◆ **What to produce**
Transcribe all the data below exactly, leaving its pictures out.

◆ **Scraped caption text data**
◆ ◆ ◆ ◆
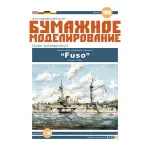 DECK OF WOOD VENEE MILITARY FLEET THE DESTROYER EXPRESS 1/200 OREL 190/2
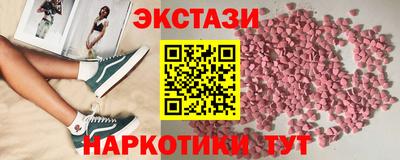 ALPHA-PVP Пушкино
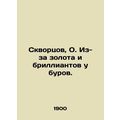 Skvortsov, O. Because of the gold and diamonds ...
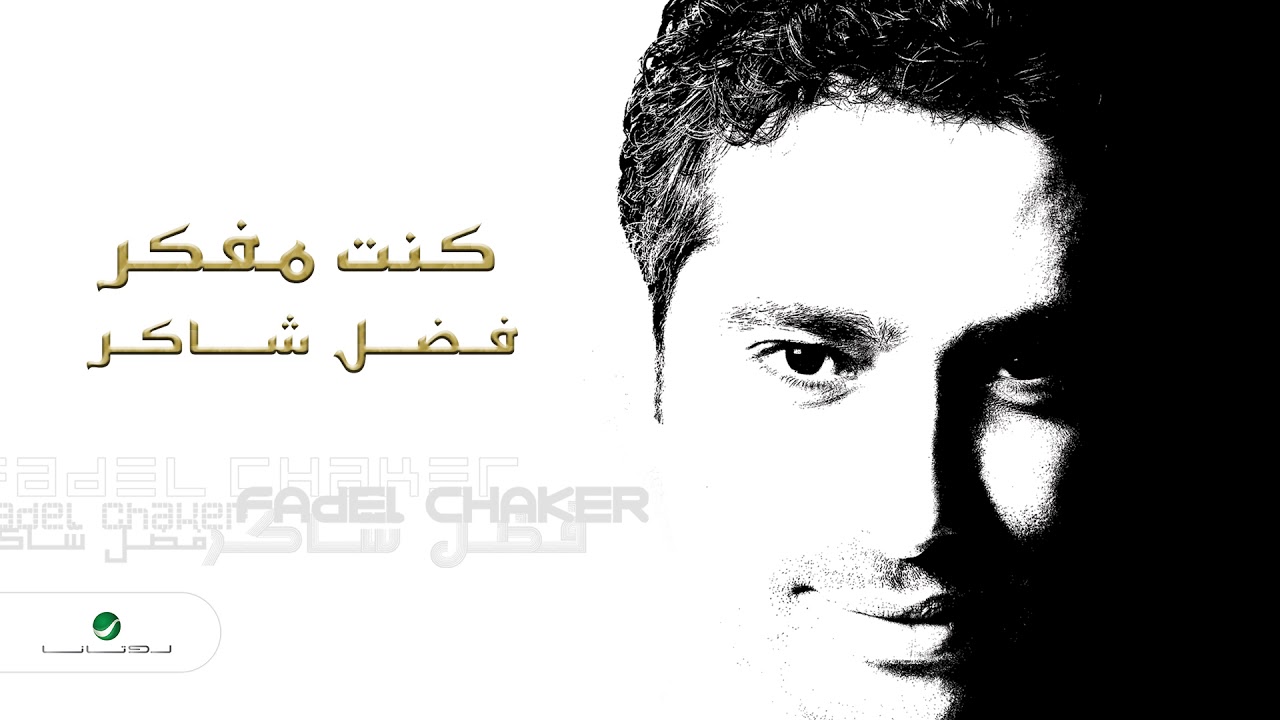 Fadl Shaker ... Kount Mfakar | فضل شاكر ... كنت مفكر akkoorden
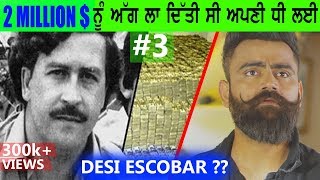 Who is Escobar See Full Story - Word in Amrit maan song 2018 | LIVE RECORDS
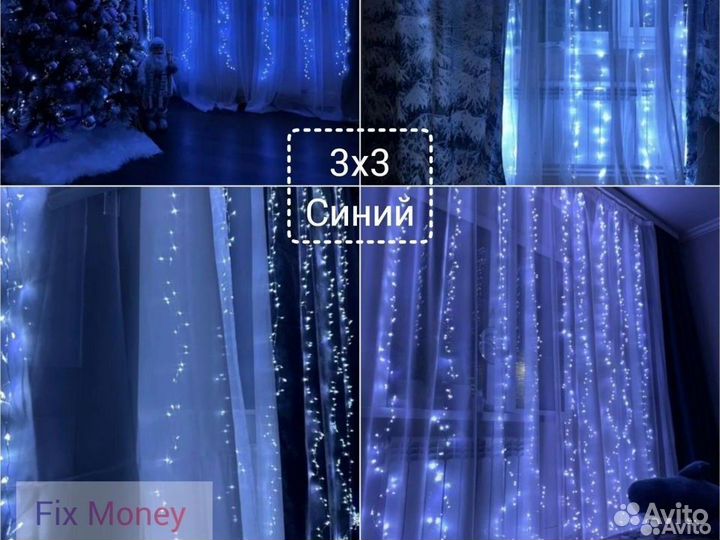 Гирлянда штора Хвойная лапка 3x3 Конный хвост 3x2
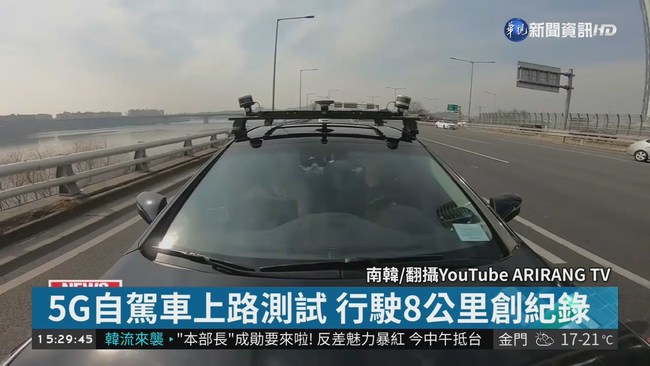 全球首例! 南韓5G自駕車上路測試 | 華視新聞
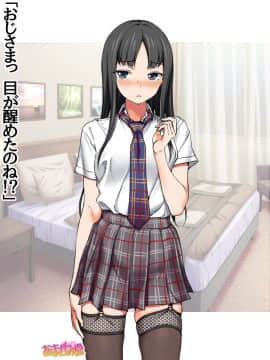 Ichigo 2-Ko De Onegai Shimasu Ch. 0-7_029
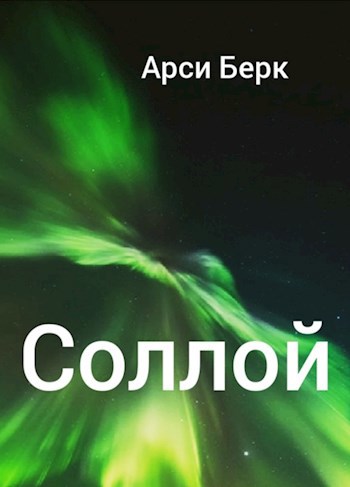 Обложка книги Соллой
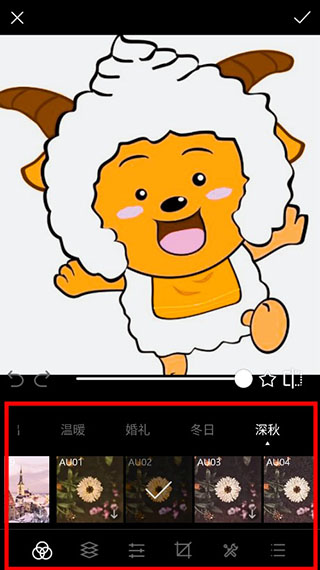 Lr濾鏡大師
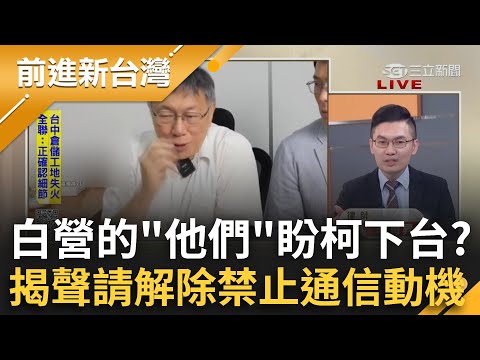 白營的"他們"都盼柯下台？民眾黨內部矛盾浮水面...為接押提前攻防?律師揭柯聲請解除"禁止通信"動機｜王偊菁主持｜【前進新台灣 精彩】20241219｜三立新聞台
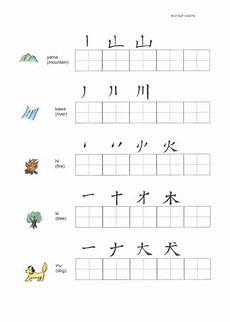 japanese calligraphy worksheet japanese language lessons let s learn japanese 187 gcse kanji japanese calligraphy worksheet japanese language lessons let s learn japanese 187 gcse kanji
◆ ◆ ◆ ◆
◆ **Result of this exercise**
 DECK OF WOOD VENEE MILITARY FLEET THE DESTROYER EXPRESS 1/200 OREL 190/2
 ALPHA-PVP Пушкино
 Skvortsov, O. Because of the gold and diamonds ...
 Fadl Shaker ... Kount Mfakar | فضل شاكر ... كنت مفكر akkoorden
 Who is Escobar See Full Story - Word in Amrit maan song 2018 | LIVE RECORDS
 Гирлянда штора Хвойная лапка 3x3 Конный хвост 3x2
 全球首例! 南韓5G自駕車上路測試 | 華視新聞
 Ichigo 2-Ko De Onegai Shimasu Ch. 0-7_029
 Обложка книги Соллой
 Lr濾鏡大師
 白營的"他們"都盼柯下台？民眾黨內部矛盾浮水面...為接押提前攻防?律師揭柯聲請解除"禁止通信"動機｜王偊菁主持｜【前進新台灣 精彩】20241219｜三立新聞台
 japanese calligraphy worksheet japanese language lessons let s learn japanese 187 gcse kanji japanese calligraphy worksheet japanese language lessons let s learn japanese 187 gcse kanji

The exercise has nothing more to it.